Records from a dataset
-------
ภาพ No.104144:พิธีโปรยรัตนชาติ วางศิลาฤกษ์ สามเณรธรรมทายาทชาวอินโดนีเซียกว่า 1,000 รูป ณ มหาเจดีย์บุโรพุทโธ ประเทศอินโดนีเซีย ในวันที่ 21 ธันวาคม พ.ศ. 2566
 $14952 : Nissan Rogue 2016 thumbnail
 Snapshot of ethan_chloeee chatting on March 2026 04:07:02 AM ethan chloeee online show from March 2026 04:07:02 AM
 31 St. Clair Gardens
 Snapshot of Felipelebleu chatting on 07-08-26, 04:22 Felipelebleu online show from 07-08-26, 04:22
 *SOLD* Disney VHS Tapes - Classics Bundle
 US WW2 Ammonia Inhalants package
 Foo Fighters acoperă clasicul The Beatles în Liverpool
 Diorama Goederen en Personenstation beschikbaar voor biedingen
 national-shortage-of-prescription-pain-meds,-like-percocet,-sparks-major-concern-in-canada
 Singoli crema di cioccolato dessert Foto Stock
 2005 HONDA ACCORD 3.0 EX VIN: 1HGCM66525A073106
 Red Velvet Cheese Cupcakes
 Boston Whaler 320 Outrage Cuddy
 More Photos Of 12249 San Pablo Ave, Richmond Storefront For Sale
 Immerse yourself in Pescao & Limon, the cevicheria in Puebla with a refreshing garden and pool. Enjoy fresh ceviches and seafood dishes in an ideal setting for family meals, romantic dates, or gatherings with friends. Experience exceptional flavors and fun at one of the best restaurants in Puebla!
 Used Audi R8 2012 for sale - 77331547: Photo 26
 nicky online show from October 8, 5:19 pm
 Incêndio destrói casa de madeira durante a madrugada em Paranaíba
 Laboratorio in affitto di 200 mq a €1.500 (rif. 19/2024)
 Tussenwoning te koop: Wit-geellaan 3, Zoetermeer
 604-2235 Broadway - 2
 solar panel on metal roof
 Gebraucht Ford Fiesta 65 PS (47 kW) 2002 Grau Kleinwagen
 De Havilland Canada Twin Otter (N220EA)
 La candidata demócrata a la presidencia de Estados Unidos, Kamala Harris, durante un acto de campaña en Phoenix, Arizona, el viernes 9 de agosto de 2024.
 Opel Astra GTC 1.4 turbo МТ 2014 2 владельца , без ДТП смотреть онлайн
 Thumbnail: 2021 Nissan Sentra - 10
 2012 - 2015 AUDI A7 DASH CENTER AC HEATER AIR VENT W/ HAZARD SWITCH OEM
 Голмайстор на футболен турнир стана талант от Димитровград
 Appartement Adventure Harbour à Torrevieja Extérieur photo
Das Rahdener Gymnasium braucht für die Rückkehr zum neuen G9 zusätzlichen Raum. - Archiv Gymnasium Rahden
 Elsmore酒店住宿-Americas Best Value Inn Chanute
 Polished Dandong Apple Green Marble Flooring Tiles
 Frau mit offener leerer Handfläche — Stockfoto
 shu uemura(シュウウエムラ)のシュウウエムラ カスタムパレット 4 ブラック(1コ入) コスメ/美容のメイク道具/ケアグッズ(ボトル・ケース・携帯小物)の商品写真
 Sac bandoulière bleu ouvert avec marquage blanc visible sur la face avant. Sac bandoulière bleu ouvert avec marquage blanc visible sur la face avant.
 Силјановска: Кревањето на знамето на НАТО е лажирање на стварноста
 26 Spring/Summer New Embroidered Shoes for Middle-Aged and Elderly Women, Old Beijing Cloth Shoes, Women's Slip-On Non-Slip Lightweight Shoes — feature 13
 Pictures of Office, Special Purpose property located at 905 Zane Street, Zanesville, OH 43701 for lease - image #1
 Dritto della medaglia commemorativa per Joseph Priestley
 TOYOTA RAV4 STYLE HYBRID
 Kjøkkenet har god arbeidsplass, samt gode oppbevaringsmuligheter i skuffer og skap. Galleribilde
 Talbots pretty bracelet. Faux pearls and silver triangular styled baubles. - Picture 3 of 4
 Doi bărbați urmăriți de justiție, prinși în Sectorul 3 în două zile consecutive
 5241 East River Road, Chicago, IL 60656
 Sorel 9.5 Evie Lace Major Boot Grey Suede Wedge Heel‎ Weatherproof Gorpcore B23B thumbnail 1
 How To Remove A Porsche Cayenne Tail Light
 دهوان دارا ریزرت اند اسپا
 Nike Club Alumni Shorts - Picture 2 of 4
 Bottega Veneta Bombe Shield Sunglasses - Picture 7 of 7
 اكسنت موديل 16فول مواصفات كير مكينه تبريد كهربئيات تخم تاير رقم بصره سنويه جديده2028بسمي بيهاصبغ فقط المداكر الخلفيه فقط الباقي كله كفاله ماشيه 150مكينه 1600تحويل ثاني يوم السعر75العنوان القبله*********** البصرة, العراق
-------
Exercise details :: All the lines above need to be printed again, exactly.

Result of this exercise ::
ภาพ No.104144:พิธีโปรยรัตนชาติ วางศิลาฤกษ์ สามเณรธรรมทายาทชาวอินโดนีเซียกว่า 1,000 รูป ณ มหาเจดีย์บุโรพุทโธ ประเทศอินโดนีเซีย ในวันที่ 21 ธันวาคม พ.ศ. 2566
 $14952 : Nissan Rogue 2016 thumbnail
 Snapshot of ethan_chloeee chatting on March 2026 04:07:02 AM ethan chloeee online show from March 2026 04:07:02 AM
 31 St. Clair Gardens
 Snapshot of Felipelebleu chatting on 07-08-26, 04:22 Felipelebleu online show from 07-08-26, 04:22
 *SOLD* Disney VHS Tapes - Classics Bundle
 US WW2 Ammonia Inhalants package
 Foo Fighters acoperă clasicul The Beatles în Liverpool
 Diorama Goederen en Personenstation beschikbaar voor biedingen
 national-shortage-of-prescription-pain-meds,-like-percocet,-sparks-major-concern-in-canada
 Singoli crema di cioccolato dessert Foto Stock
 2005 HONDA ACCORD 3.0 EX VIN: 1HGCM66525A073106
 Red Velvet Cheese Cupcakes
 Boston Whaler 320 Outrage Cuddy
 More Photos Of 12249 San Pablo Ave, Richmond Storefront For Sale
 Immerse yourself in Pescao & Limon, the cevicheria in Puebla with a refreshing garden and pool. Enjoy fresh ceviches and seafood dishes in an ideal setting for family meals, romantic dates, or gatherings with friends. Experience exceptional flavors and fun at one of the best restaurants in Puebla!
 Used Audi R8 2012 for sale - 77331547: Photo 26
 nicky online show from October 8, 5:19 pm
 Incêndio destrói casa de madeira durante a madrugada em Paranaíba
 Laboratorio in affitto di 200 mq a €1.500 (rif. 19/2024)
 Tussenwoning te koop: Wit-geellaan 3, Zoetermeer
 604-2235 Broadway - 2
 solar panel on metal roof
 Gebraucht Ford Fiesta 65 PS (47 kW) 2002 Grau Kleinwagen
 De Havilland Canada Twin Otter (N220EA)
 La candidata demócrata a la presidencia de Estados Unidos, Kamala Harris, durante un acto de campaña en Phoenix, Arizona, el viernes 9 de agosto de 2024.
 Opel Astra GTC 1.4 turbo МТ 2014 2 владельца , без ДТП смотреть онлайн
 Thumbnail: 2021 Nissan Sentra - 10
 2012 - 2015 AUDI A7 DASH CENTER AC HEATER AIR VENT W/ HAZARD SWITCH OEM
 Голмайстор на футболен турнир стана талант от Димитровград
 Appartement Adventure Harbour à Torrevieja Extérieur photo
Das Rahdener Gymnasium braucht für die Rückkehr zum neuen G9 zusätzlichen Raum. - Archiv Gymnasium Rahden
 Elsmore酒店住宿-Americas Best Value Inn Chanute
 Polished Dandong Apple Green Marble Flooring Tiles
 Frau mit offener leerer Handfläche — Stockfoto
 shu uemura(シュウウエムラ)のシュウウエムラ カスタムパレット 4 ブラック(1コ入) コスメ/美容のメイク道具/ケアグッズ(ボトル・ケース・携帯小物)の商品写真
 Sac bandoulière bleu ouvert avec marquage blanc visible sur la face avant. Sac bandoulière bleu ouvert avec marquage blanc visible sur la face avant.
 Силјановска: Кревањето на знамето на НАТО е лажирање на стварноста
 26 Spring/Summer New Embroidered Shoes for Middle-Aged and Elderly Women, Old Beijing Cloth Shoes, Women's Slip-On Non-Slip Lightweight Shoes — feature 13
 Pictures of Office, Special Purpose property located at 905 Zane Street, Zanesville, OH 43701 for lease - image #1
 Dritto della medaglia commemorativa per Joseph Priestley
 TOYOTA RAV4 STYLE HYBRID
 Kjøkkenet har god arbeidsplass, samt gode oppbevaringsmuligheter i skuffer og skap. Galleribilde
 Talbots pretty bracelet. Faux pearls and silver triangular styled baubles. - Picture 3 of 4
 Doi bărbați urmăriți de justiție, prinși în Sectorul 3 în două zile consecutive
 5241 East River Road, Chicago, IL 60656
 Sorel 9.5 Evie Lace Major Boot Grey Suede Wedge Heel‎ Weatherproof Gorpcore B23B thumbnail 1
 How To Remove A Porsche Cayenne Tail Light
 دهوان دارا ریزرت اند اسپا
 Nike Club Alumni Shorts - Picture 2 of 4
 Bottega Veneta Bombe Shield Sunglasses - Picture 7 of 7
 اكسنت موديل 16فول مواصفات كير مكينه تبريد كهربئيات تخم تاير رقم بصره سنويه جديده2028بسمي بيهاصبغ فقط المداكر الخلفيه فقط الباقي كله كفاله ماشيه 150مكينه 1600تحويل ثاني يوم السعر75العنوان القبله*********** البصرة, العراق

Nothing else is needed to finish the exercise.